> RECORD EXTRACTS:
-=-=-
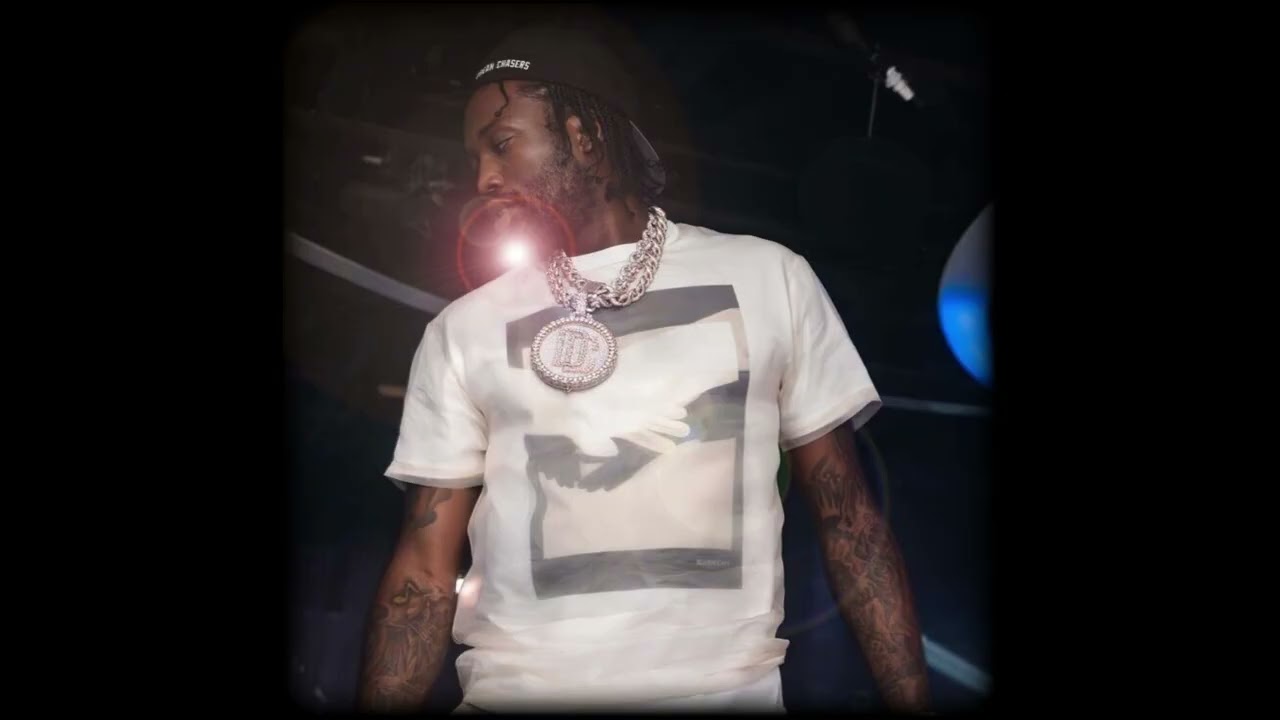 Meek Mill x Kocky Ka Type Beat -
-=-=-
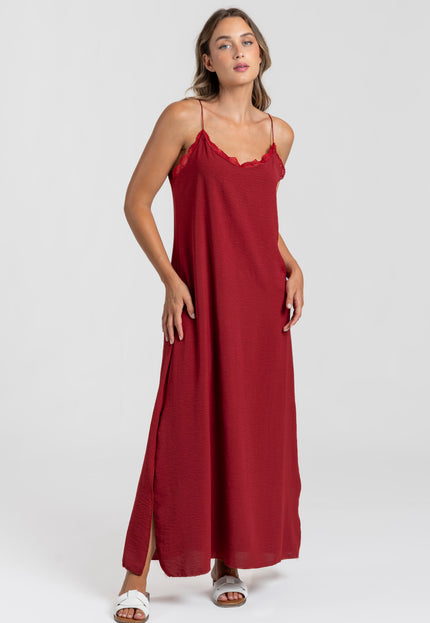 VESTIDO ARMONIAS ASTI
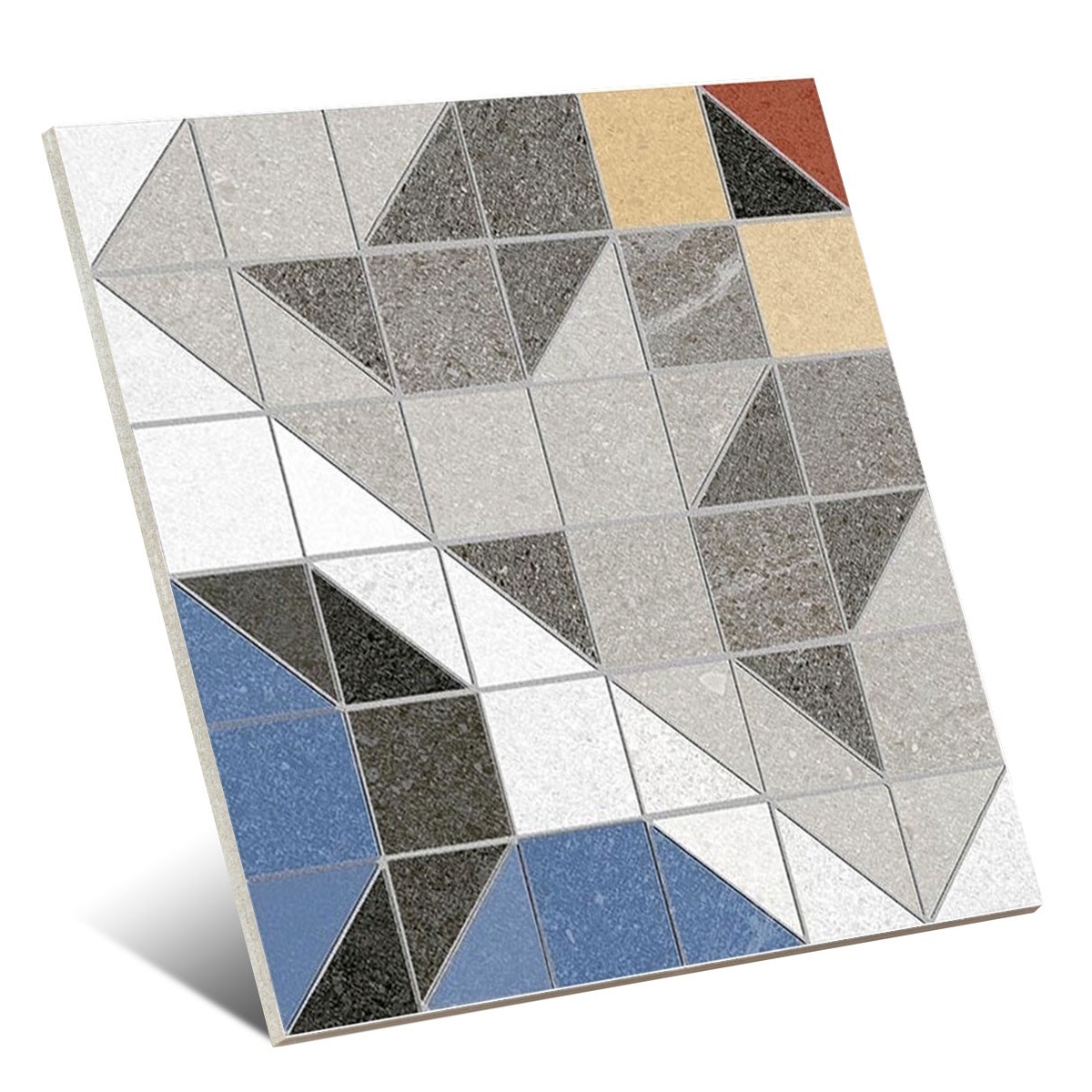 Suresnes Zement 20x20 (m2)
-=-=-
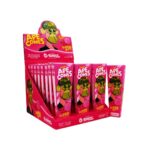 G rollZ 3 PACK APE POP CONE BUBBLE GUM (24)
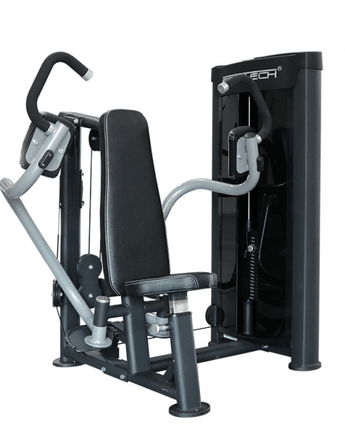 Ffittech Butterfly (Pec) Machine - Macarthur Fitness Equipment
-=-=-
> TASK DESCRIPTION:
Everything from the line with "G rollZ 3 PACK APE POP CONE BUBBLE GUM (24)" down to the line with "Ffittech Butterfly (Pec)" in the data above should be copied exactly, with both end lines kept and the pictures left out.

> WRITTEN SOLUTION:
 G rollZ 3 PACK APE POP CONE BUBBLE GUM (24)
 Ffittech Butterfly (Pec) Machine - Macarthur Fitness Equipment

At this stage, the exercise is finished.